+++ PROVIDED MATERIAL
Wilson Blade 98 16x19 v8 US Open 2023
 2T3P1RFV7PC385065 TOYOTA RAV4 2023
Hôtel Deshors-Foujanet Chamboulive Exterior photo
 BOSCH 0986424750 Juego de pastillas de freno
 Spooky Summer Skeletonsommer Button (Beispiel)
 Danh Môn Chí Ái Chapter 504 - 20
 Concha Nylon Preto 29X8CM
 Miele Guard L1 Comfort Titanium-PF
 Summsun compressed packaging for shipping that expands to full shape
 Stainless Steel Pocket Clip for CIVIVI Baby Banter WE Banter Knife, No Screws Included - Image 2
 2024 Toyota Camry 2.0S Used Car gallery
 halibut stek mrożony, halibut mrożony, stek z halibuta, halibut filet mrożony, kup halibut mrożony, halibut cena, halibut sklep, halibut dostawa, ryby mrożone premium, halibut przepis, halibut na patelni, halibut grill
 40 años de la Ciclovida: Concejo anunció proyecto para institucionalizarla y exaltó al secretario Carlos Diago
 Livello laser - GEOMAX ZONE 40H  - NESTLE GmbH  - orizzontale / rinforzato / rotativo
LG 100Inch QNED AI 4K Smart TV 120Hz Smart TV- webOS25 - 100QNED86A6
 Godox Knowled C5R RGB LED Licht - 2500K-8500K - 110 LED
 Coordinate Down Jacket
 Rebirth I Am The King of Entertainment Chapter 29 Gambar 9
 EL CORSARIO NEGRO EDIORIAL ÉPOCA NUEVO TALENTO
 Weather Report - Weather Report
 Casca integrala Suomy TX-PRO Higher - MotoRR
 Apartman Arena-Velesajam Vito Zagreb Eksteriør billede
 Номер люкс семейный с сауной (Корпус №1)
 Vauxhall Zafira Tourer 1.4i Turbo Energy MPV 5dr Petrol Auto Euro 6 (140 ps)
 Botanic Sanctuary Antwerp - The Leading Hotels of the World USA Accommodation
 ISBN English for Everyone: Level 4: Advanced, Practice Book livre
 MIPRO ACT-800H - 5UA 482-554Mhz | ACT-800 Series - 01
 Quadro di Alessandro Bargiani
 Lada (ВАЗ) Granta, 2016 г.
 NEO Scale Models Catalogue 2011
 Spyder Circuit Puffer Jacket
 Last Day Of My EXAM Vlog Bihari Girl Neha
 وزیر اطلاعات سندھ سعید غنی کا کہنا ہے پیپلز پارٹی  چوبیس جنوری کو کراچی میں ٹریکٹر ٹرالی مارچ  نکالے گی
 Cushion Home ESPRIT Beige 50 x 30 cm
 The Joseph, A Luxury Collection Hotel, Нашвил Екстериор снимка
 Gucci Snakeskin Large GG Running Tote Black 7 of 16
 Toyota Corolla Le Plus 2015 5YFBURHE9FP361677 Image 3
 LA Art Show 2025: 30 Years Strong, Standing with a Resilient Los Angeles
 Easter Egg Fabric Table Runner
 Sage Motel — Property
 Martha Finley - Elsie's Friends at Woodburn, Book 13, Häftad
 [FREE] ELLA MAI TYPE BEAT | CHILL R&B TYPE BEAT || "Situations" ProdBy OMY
++++++
• **PROBLEM TO WORK ON**
In the listing above, please print only the lines from the first one to the line where "Last Day Of My EXAM Vlog Bihari Girl Neha" appears, exactly as written, both of those lines included.

• **WORKED SOLUTION**
Wilson Blade 98 16x19 v8 US Open 2023
 2T3P1RFV7PC385065 TOYOTA RAV4 2023
Hôtel Deshors-Foujanet Chamboulive Exterior photo
 BOSCH 0986424750 Juego de pastillas de freno
 Spooky Summer Skeletonsommer Button (Beispiel)
 Danh Môn Chí Ái Chapter 504 - 20
 Concha Nylon Preto 29X8CM
 Miele Guard L1 Comfort Titanium-PF
 Summsun compressed packaging for shipping that expands to full shape
 Stainless Steel Pocket Clip for CIVIVI Baby Banter WE Banter Knife, No Screws Included - Image 2
 2024 Toyota Camry 2.0S Used Car gallery
 halibut stek mrożony, halibut mrożony, stek z halibuta, halibut filet mrożony, kup halibut mrożony, halibut cena, halibut sklep, halibut dostawa, ryby mrożone premium, halibut przepis, halibut na patelni, halibut grill
 40 años de la Ciclovida: Concejo anunció proyecto para institucionalizarla y exaltó al secretario Carlos Diago
 Livello laser - GEOMAX ZONE 40H  - NESTLE GmbH  - orizzontale / rinforzato / rotativo
LG 100Inch QNED AI 4K Smart TV 120Hz Smart TV- webOS25 - 100QNED86A6
 Godox Knowled C5R RGB LED Licht - 2500K-8500K - 110 LED
 Coordinate Down Jacket
 Rebirth I Am The King of Entertainment Chapter 29 Gambar 9
 EL CORSARIO NEGRO EDIORIAL ÉPOCA NUEVO TALENTO
 Weather Report - Weather Report
 Casca integrala Suomy TX-PRO Higher - MotoRR
 Apartman Arena-Velesajam Vito Zagreb Eksteriør billede
 Номер люкс семейный с сауной (Корпус №1)
 Vauxhall Zafira Tourer 1.4i Turbo Energy MPV 5dr Petrol Auto Euro 6 (140 ps)
 Botanic Sanctuary Antwerp - The Leading Hotels of the World USA Accommodation
 ISBN English for Everyone: Level 4: Advanced, Practice Book livre
 MIPRO ACT-800H - 5UA 482-554Mhz | ACT-800 Series - 01
 Quadro di Alessandro Bargiani
 Lada (ВАЗ) Granta, 2016 г.
 NEO Scale Models Catalogue 2011
 Spyder Circuit Puffer Jacket
 Last Day Of My EXAM Vlog Bihari Girl Neha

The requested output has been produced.